» Work task
The expected response is the full listing, retyped exactly, without its images.

» Information given
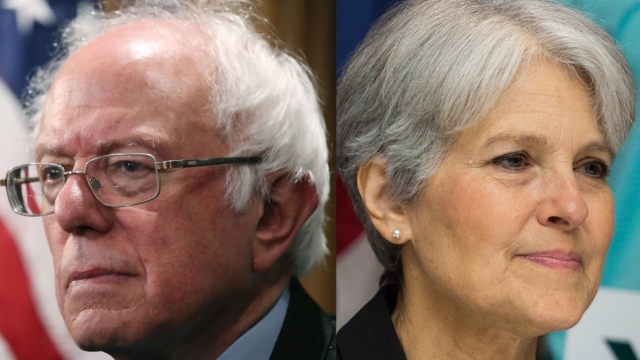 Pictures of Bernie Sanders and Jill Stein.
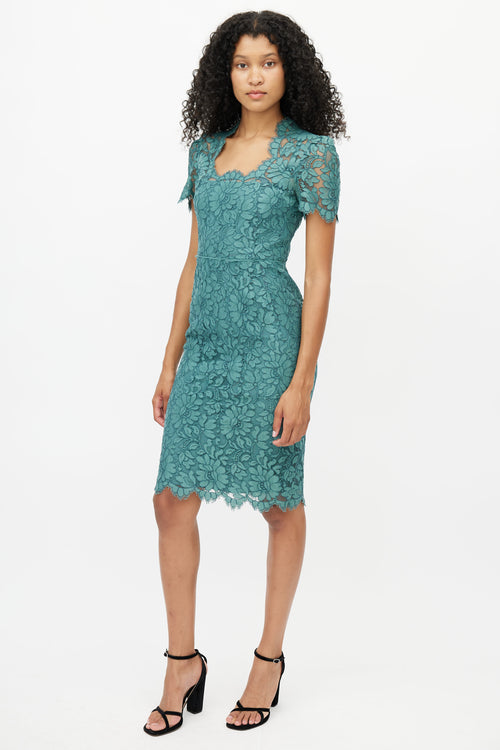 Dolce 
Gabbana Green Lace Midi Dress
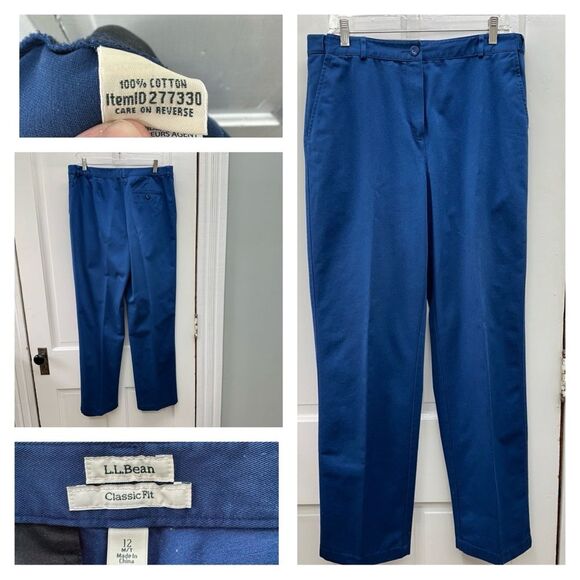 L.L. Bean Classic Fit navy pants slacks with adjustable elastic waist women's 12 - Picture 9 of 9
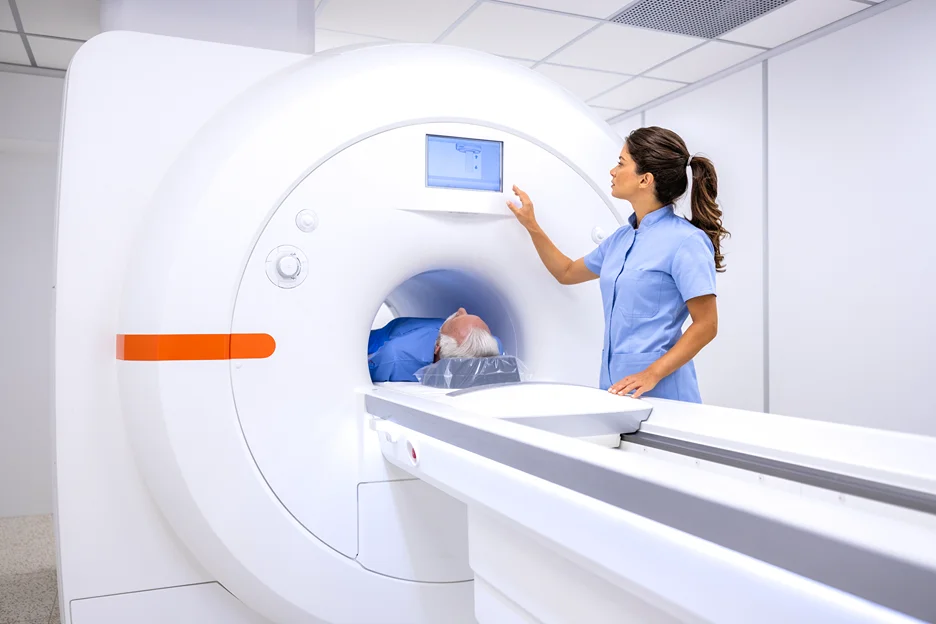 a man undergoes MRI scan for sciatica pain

» Exercise solution
 Pictures of Bernie Sanders and Jill Stein.
 Dolce 
Gabbana Green Lace Midi Dress
 L.L. Bean Classic Fit navy pants slacks with adjustable elastic waist women's 12 - Picture 9 of 9
 a man undergoes MRI scan for sciatica pain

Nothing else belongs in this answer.